Hz. Ali'ye atfedilen hikmetli bir sözde deniliyor ki -özet olarak-: 'Sen hadiselere ve insanlara bakarak 'hakikat'i anlayamazsın... Önce 'Hakk' mefhumunun ölçüsünü belirle ve ondan sonra hadiseleri ve insanları o 'Hakk' ölçüsüne göre değerlendir.'
Sahi, günlük hayatta da Hakk, haklılık ve haksızlık kelimelerini devamlı ve belki de çok sıkça kullanırız... Ama 'Hakk' nedir ve 'ne zaman Hakk olan veya olmayan bir konumda olabiliriz'in ölçüsü nedir? Şahsî düşünce ve duygularımız, menfaatlerimiz ya da sosyal hayatta rastlanan iddia ve 'dedi-kodu'lar mı; yoksa, -kesin doğru olduğuna kalben ve fikren inanıp, bağlandığımız- inançlarımız mı?
Bunu kavrayabilmek için, önce, 'Hakikat' ve 'gerçek' arasındaki farkı fark etmek gerekiyor.

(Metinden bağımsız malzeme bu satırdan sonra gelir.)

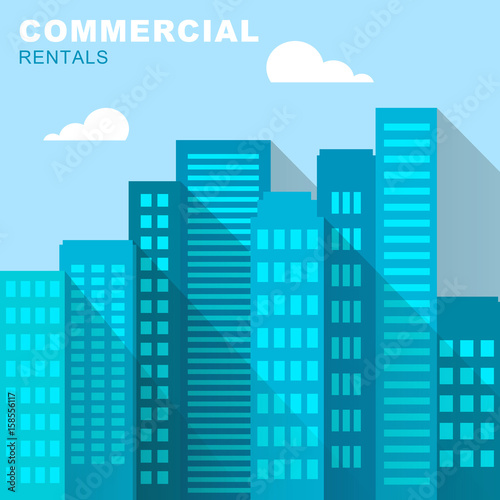 Commercial Rentals Downtown Describes Real Estate 3d Illustration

'Hakikat', 'Hakk olan'ı ifade etmektedir, karşıtı ise, 'bâtıl'dır. Ve hayatta bazı 'gerçek'ler vardır ki, bir realitedir, ama 'Hakikat' değildir, Hakk'a nispet edilebilirliği yoktur.
Zulüm bir gerçektir/ realitedir, ahlâksızlık da bir realitedir; ama bunlar 'Hakikat'i ifade etmez, Hakk'a nispet edilemez... Fransızcadaki 'verité' ile 'realité' arasındaki fark gibi...
*
Şimdilerde, Filistin'de ortaya çıkan son durumla ilgili olarak, hattâ İslâmî hassasiyetlerini bildiğimiz çevrelerden bile, 'Yahu kardeşim, bu mücadelenin zafer getirmeyeceği baştan belliydi, o halde bütün Müslüman halkları, İslâm Milleti'ni garkeden bu eylemlere neden kalkışıldı? Ekranlara bakamaz olduk.' gibi laflara rastlıyoruz...
İlk plânda, sathî mantıkla bakıldığında bazıları da, bu izahlara kanabiliyor ve 'Sahi, yavv...' diyebiliyorlar...
*
Arkadaşlar-kardeşler; Müslüman Filistin halkı sanki huzur içindeydi de mi, birileri macera düşkünlüğüyle, öyle bir saldırı gerçekleştirdi?
1917'lerden beri, 100 yıldır esir edilmeye çalışılan ve 1947-48'den beri de, 75 yıldır Siyonist Yahudilerin esareti altında inlettikleri bir Müslüman halkı koruyacak bir 'Müslüman gücü' yok diye; o Müslüman halkın 'isyan etmek hakkı' da mı yoktur?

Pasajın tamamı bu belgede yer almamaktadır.